> Begin forwarded message:
> 
> Subject: Re: [Cdk-user] questions about the hash fingerprinters
> From: John May <j...@nextmovesoftware.com>
> Date: 28 November 2014 09:55:56 GMT
> To: Andrew Dalke <da...@dalkescientific.com>
> 
> Hi Andrew,
> 
> Firstly it should be noted the fingerprint module is in need of a serious 
> overhaul. This is shame as it’s one of the most used features. In fact I’d 
> already decided it was beyond repair and had started drafting out a complete 
> rewrite.That’s still in progress though.
> 
>> On 21 Oct 2014, at 02:29, Andrew Dalke <da...@dalkescientific.com> wrote:
>> 
>> Hi all,
>> 
>> I've been reviewing the history of hash-based fingerprinting systems, i.e., 
>> those derived from ideas first implemented by Daylight.
>> 
>> The primary documentation is at 
>> http://www.daylight.com/dayhtml/doc/theory/theory.finger.html - I've been 
>> unable to find any publication on it. The main detail I'm investigating is:
>> 
>>    Instead, each pattern serves as a seed to a pseudo-random number
>>    generator (it is "hashed"), the output of which is a set of bits
>>    (typically 4 or 5 bits per pattern); the set of bits thus produced
>>    is added (with a logical OR) to the fingerprint.
>> 
>> Daylight sets multiple bits to reduce the risk that two fragments will have 
>> identical signatures. Oddly, I've come across no research which describes 
>> how to choose if it's 4 or 5 or something else. RDKit, for example, uses 
>> nBitsPerHash=2. Indigo uses a number based on the size of the subgraph and 
>> its symmetry. Smaller and more symmetric subgraphs get fewer bits.
>> 
>> In talking to people who have used the Daylight toolkit, Daylight also used 
>> a variable number of bits, based on the size of the linear fragment.
>> 
>> I look at fingerprint/Fingerprinter.java to see what what CDK does, and I 
>> would like to confirm that I understand it, then make some observations. 

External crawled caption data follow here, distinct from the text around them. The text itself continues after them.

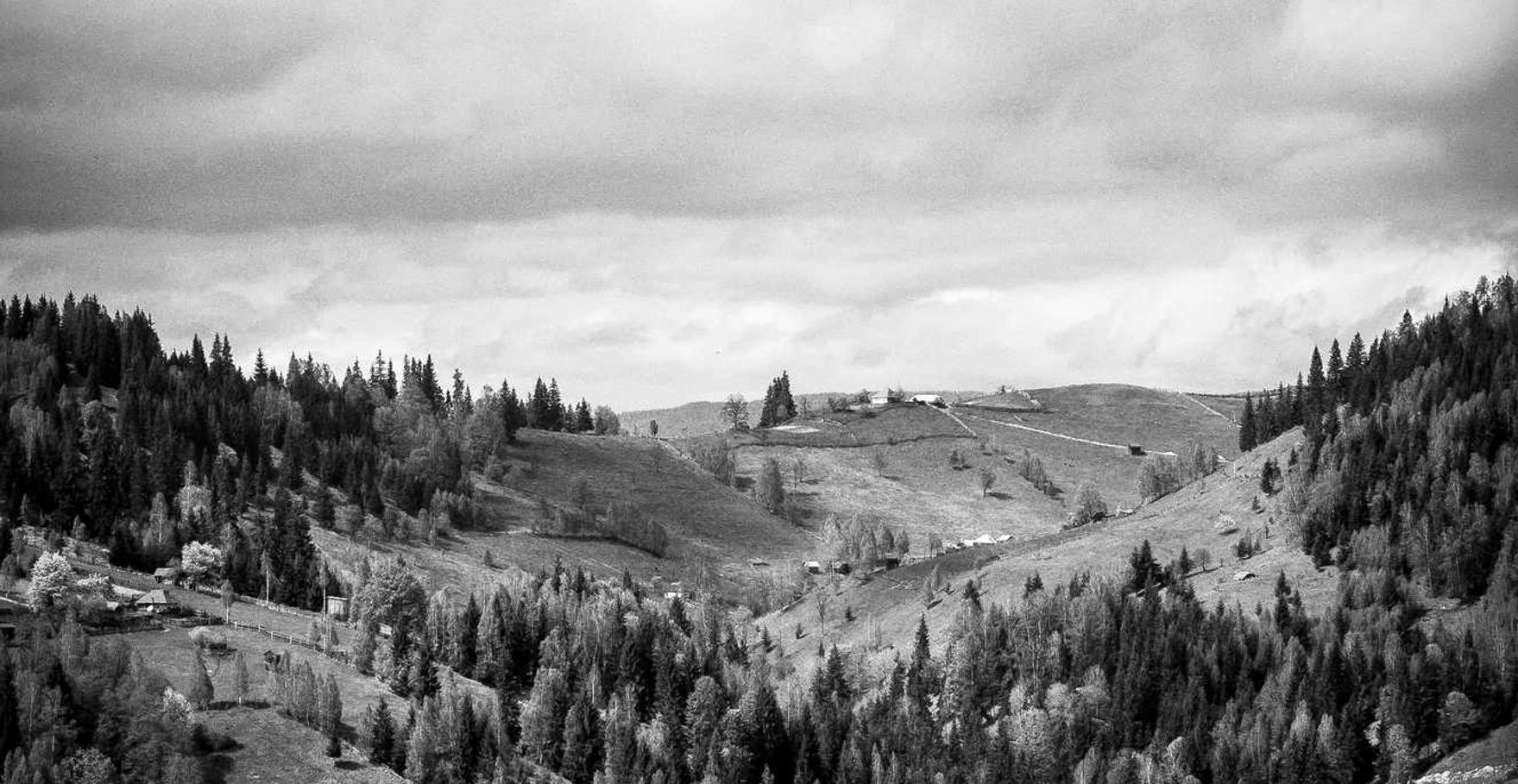 全新GPU版本TRX波场靓号地址生成器-程序 星链剧场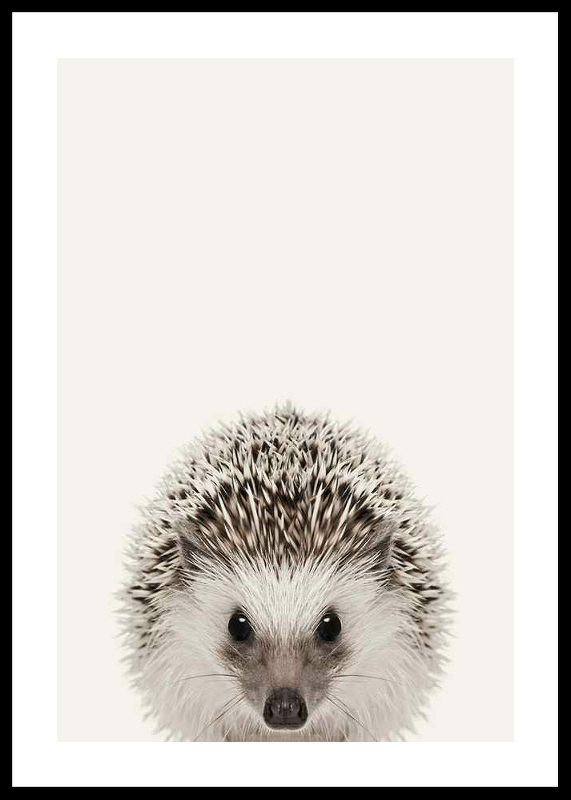 Baby Hedgehog-0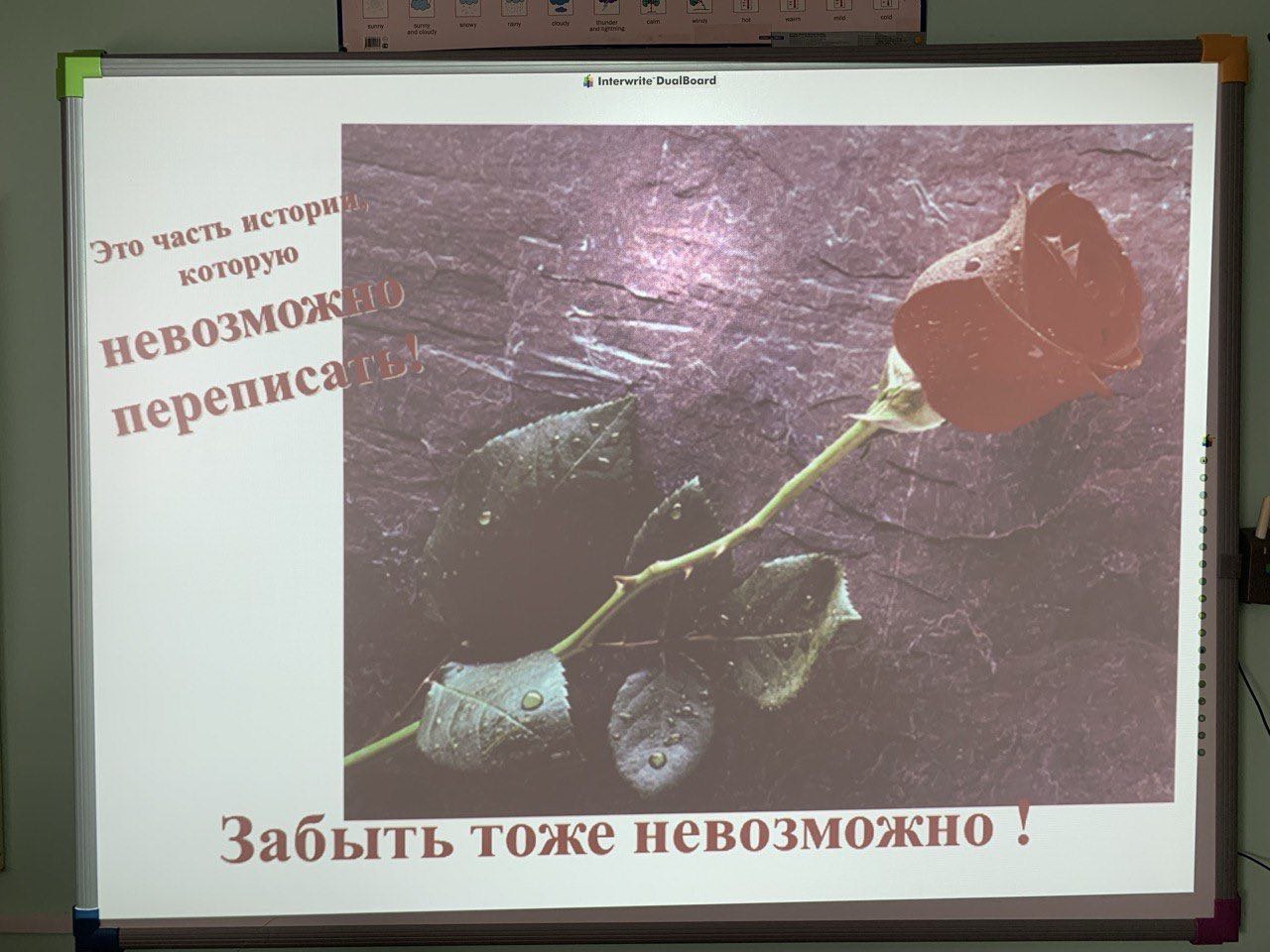 photo_2025-04-13_10-41-20 (2)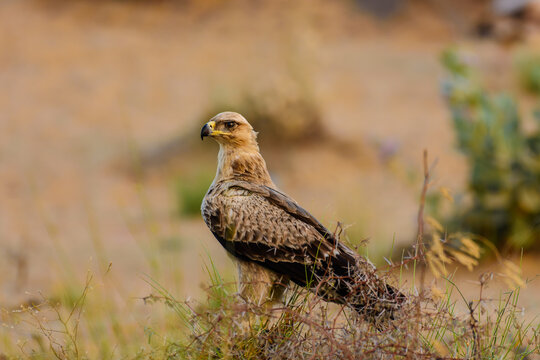 View of a majestic tawny eagle perched in the arid landscape of the Thar Desert, with dry grasses and soft golden light in Mithi, Sindh, Pakistan.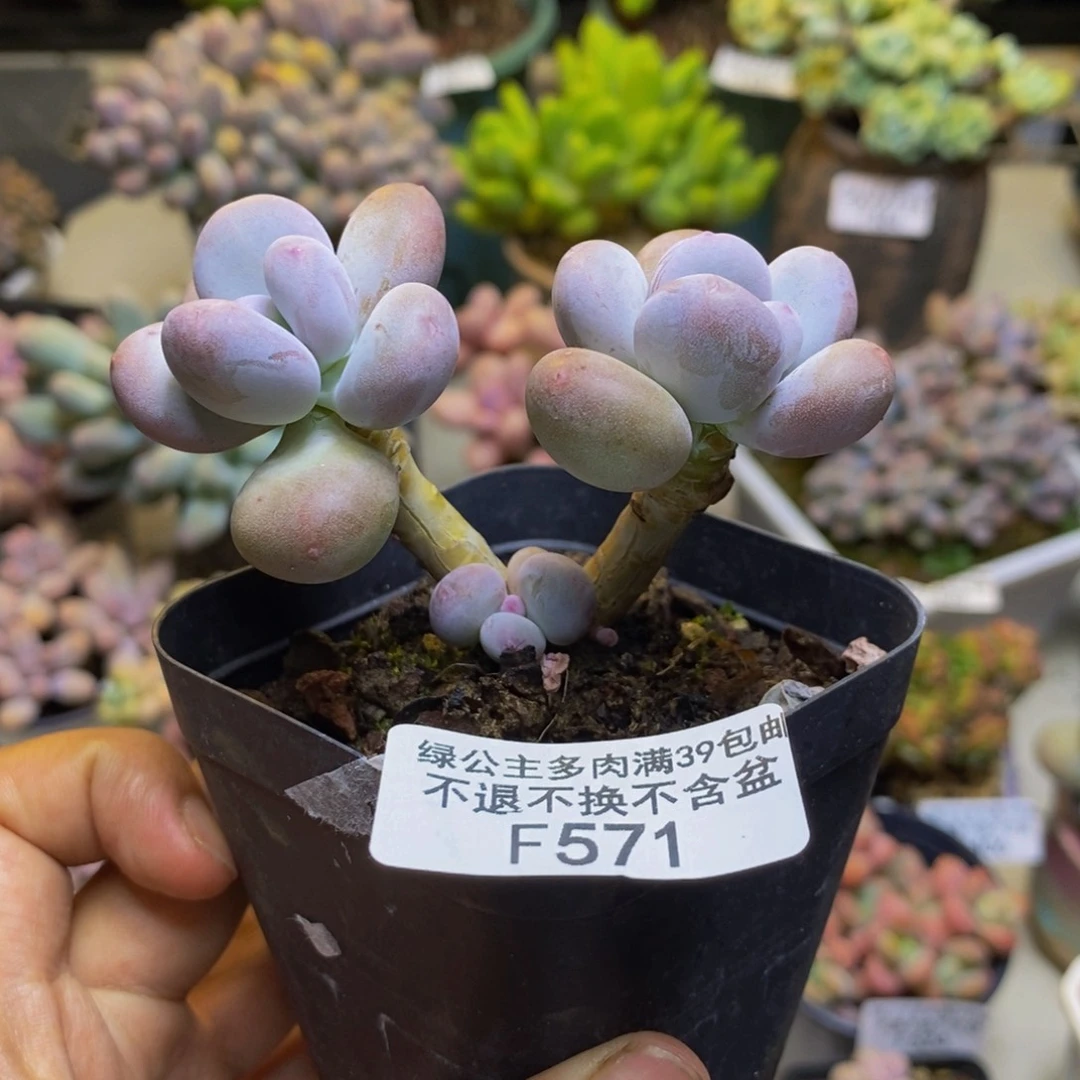 571彩虹奶多肉6cm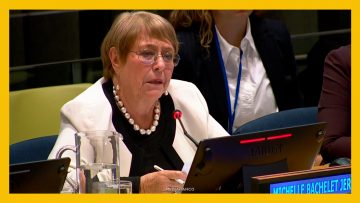 210426NY02 BACHELET EN NACIONES UNIDAS 24 (2)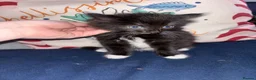 British Longhair cats for sale: Fluffy kittens for sale  - Advert 6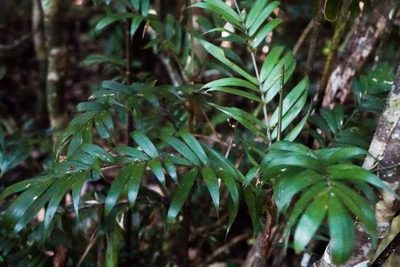 Dypsis concinna, photographed by Stuart Cable
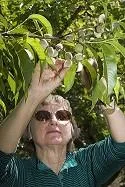 Twist to remove fruit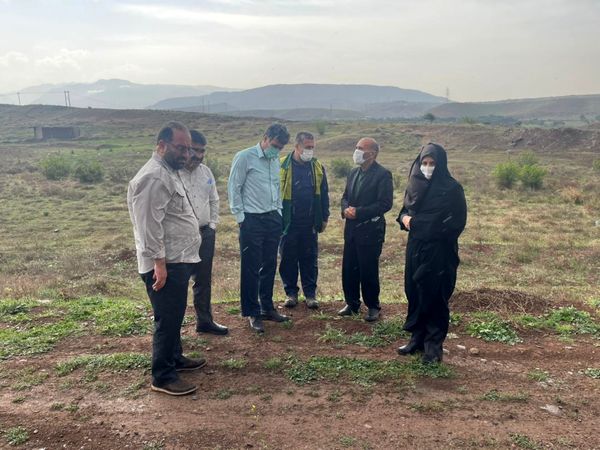 رئیس سازمان جهاد کشاورزی استان قزوین از طرح توسعه باغهای زیتون در اراضی شیبدار طارم سفلی بازدید کرد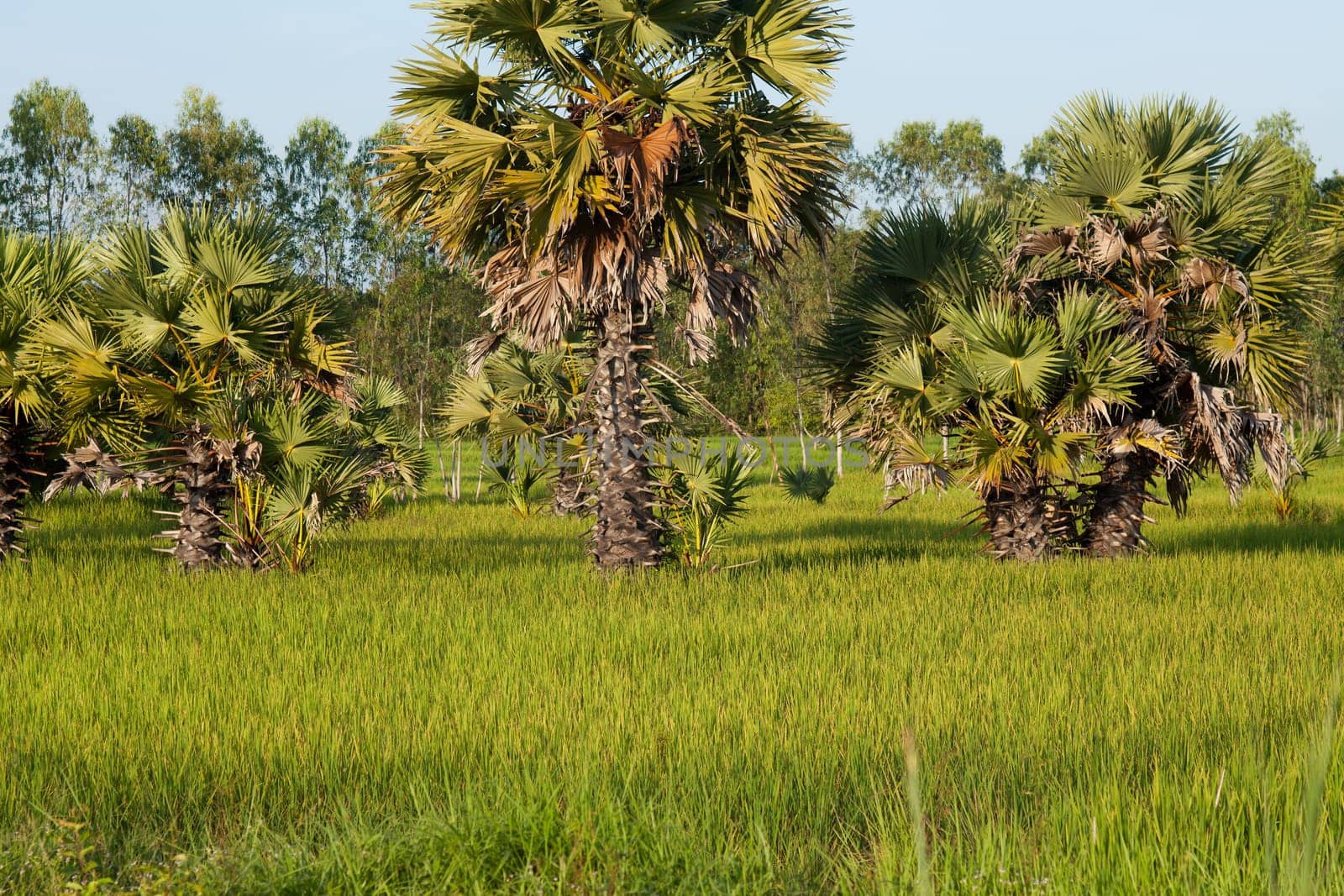 Palm tree in rice field,landscape in Asia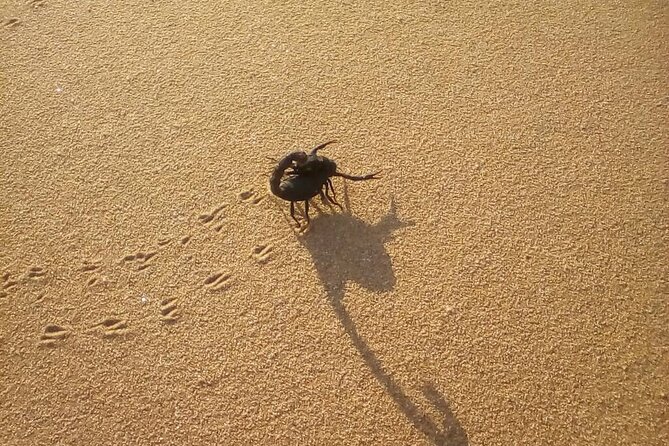 Living Dunes Experience from Swakopmund - What $51.29 includes, and what it represents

>> (The relevant code is also in HybridizationFingerprinter.java.)
>> 
>> The method getLimitedPathsOfLengthUpto() returns a list of {list of path 
>> atoms}.
>> 
>> For each {list of path atoms}:
>> get the string of the atom and bond symbols, as A0+B01+A1+B12+A3+
>> compute also the reverse, in order to determine a canonical ordering
>> use Java's string hash function to get a hash value
>> add that value to the return list
>> 
>> For each returned {hash value}:
>> seed a new java.util.Random(hash)
>> get the first integer from the seeded PRNG
>> set that bit in the fingerprint
>> 
>> If I'm correct, then this is somewhat different than Daylight's hash method 
>> because it only uses one bit per hash, rather than "typically 4 or 5 bits 
>> per pattern".
>> 
>> 1) What is the reason CDK decided to get only one random value and hence set 
>> only one bit?
> 
> I think nobody knew when writing it :-).
> 
>> 2) Given that there is only one bit, what does the PRNG add to the 
>> calculations? The PRNG ends up mapping one value randomly to another value, 
>> but it doesn't change the bit distribution, other than introducing slightly 
>> more bit collisions. What effect does it have on the usefulness of the 
>> fingerprint vs. just using the hash value directly?
> 
> Again no idea why that’s in there. I think this was recently fixed as it was 
> creating a new random instance for each and every bit! Actually it might 
> still be doing that as the code is copied in multiple places. I think the 
> point of PRNG was an attempt to reduce collisions but as you point out it 
> doesn’t make sense.
> 
>> 3) The implementation builds and discards an intermediate string 
>> representation for the fingerprint. I see that the first atom in the path 
>> has a special case for how to get the hash value:
>> 
>>               if (x instanceof IPseudoAtom)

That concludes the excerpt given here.